Am I Living A Pointless Life?
As I’m sitting in my bed like I do every night, I am haunted by my thoughts. And the same thought always comes up; Am I living A Pointless Life?
I get up every morning, get ready, and have a coffee. Go to work for 8 hours doing something I have no passion for anymore. Come home cook and clean for my husband and child then spend a few hours doing who knows what. Then repeat the cycle.

Some people would say get a hobby, that sounds great, its life. But I have had the hardest time accepting this. I think of the days when I was a child and had no responsibilities and just lived life every day in the moment. I miss the feeling of adrenaline of doing something the first time and going out of comfort zone and learning things about myself. I miss the feeling of youth.
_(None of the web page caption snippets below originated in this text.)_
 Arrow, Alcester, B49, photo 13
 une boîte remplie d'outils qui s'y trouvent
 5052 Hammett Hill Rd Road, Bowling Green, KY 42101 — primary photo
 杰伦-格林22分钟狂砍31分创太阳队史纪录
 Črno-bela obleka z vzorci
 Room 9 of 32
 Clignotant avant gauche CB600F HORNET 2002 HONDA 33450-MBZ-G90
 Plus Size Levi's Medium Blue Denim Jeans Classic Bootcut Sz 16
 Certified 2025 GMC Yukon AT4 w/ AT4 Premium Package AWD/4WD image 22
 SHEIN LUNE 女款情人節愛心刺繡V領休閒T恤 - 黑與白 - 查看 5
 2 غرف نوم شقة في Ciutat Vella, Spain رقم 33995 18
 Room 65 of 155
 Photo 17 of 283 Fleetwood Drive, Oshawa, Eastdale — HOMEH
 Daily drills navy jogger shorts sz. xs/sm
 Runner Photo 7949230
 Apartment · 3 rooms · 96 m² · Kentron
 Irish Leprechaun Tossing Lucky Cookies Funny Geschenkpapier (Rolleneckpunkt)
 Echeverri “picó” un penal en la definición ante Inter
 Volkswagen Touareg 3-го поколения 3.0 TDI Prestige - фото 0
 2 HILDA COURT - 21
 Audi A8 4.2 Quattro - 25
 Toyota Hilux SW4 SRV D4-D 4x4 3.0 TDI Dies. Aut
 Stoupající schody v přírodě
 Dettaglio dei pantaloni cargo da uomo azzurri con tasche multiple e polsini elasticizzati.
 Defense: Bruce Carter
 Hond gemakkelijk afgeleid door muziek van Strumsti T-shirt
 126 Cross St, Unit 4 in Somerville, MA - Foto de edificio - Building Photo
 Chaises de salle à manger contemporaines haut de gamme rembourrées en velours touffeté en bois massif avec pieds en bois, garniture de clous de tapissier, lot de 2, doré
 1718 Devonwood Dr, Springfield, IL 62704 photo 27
I lay in bed, stressed about bills and tasks that I have to do and the constant feeling of never being at peace mentally. Regretting about what did happen and thinking about what could have been. Thinking am I living a pointless life? At what point do I figure out my path and feel comfort in knowing I have found who I truly am.
I dream of living in a place of no worries. A place in the mountains that is quiet and peaceful. A small cottage where I have a garden and go on true adventures, learn new skills, and discover the true meaning of life, of my life. I do this every night before bed like routine and escape from the reality I am in.

People tell me I’m depressed, or I look tired. I feel like I see and feel the world differently and I feel deeply of these feelings. I wish I did not, but I have always been this way, and I believe it could be for the better if I can learn to find myself and what I was meant to be on this earth for. And if any of my fellow readers feel similar, I wish you the best on your journey.